Numerous people in the area were watching the blaze and notified Uhl that there were people inside of the burning truck. Both Spath and Esquibel exited the burning truck, and Spath indicated that there was another person in the truck, which there allegedly wasn’t.
Spath reportedly told law enforcement that neither himself nor Esquibel were driving the vehicle when it crashed, noting that a Hispanic male whose last name was Ramirez or Rodriguez was the culprit.

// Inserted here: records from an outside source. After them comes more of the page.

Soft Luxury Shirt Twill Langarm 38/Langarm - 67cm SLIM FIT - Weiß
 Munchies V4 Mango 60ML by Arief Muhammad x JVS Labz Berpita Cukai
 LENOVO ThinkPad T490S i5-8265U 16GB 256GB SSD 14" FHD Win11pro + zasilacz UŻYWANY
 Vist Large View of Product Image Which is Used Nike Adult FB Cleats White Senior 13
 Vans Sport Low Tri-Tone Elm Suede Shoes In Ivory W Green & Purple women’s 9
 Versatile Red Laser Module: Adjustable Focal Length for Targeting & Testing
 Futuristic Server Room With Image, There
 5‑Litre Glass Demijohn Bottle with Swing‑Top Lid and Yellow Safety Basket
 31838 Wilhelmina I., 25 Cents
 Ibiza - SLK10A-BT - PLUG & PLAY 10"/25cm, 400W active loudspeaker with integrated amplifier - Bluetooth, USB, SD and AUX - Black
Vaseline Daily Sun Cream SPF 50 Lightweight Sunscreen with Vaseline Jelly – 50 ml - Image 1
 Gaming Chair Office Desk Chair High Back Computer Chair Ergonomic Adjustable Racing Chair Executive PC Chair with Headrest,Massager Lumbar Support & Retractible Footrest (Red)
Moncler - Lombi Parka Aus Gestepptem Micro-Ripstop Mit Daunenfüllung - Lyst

Court records show that officers spoke to a bystander who was on the scene moments after hearing the truck crash into the house and that he saw no one exit the truck prior to police arriving. Three other witnesses corroborated what the first witness told law enforcement.
Further investigation of the vehicle and conversations with people first on the scene led police to conclusively determine that there were only two people in the vehicle at the time of the crash when the vehicle slammed through a laundry/utility room.
While entering, the vehicle struck a gas meter located at the front of the property, resulting in the fire. Fire Chief Dan Miller estimated shortly after the incident that it resulted in a minimum $20,000 of damage. The homeowner, who was sleeping at the time of the accident, was able to safely vacate the house.
An officer on the scene who witnessed the defendant exit the truck also advised that he had a mark on his face consistent with having hit a steering wheel, according to affidavit information. A woman whom police had contact with following the accident said she loaned the vehicle to Spath and that he was the only person supposed to be driving it.
To receive treatment in the emergency room at CCH, Spath was required to provide blood and urine samples, according to court records. Using a search warrant, police accessed Spath’s medical records, which allegedly showed the defendant having a blood alcohol content of .310.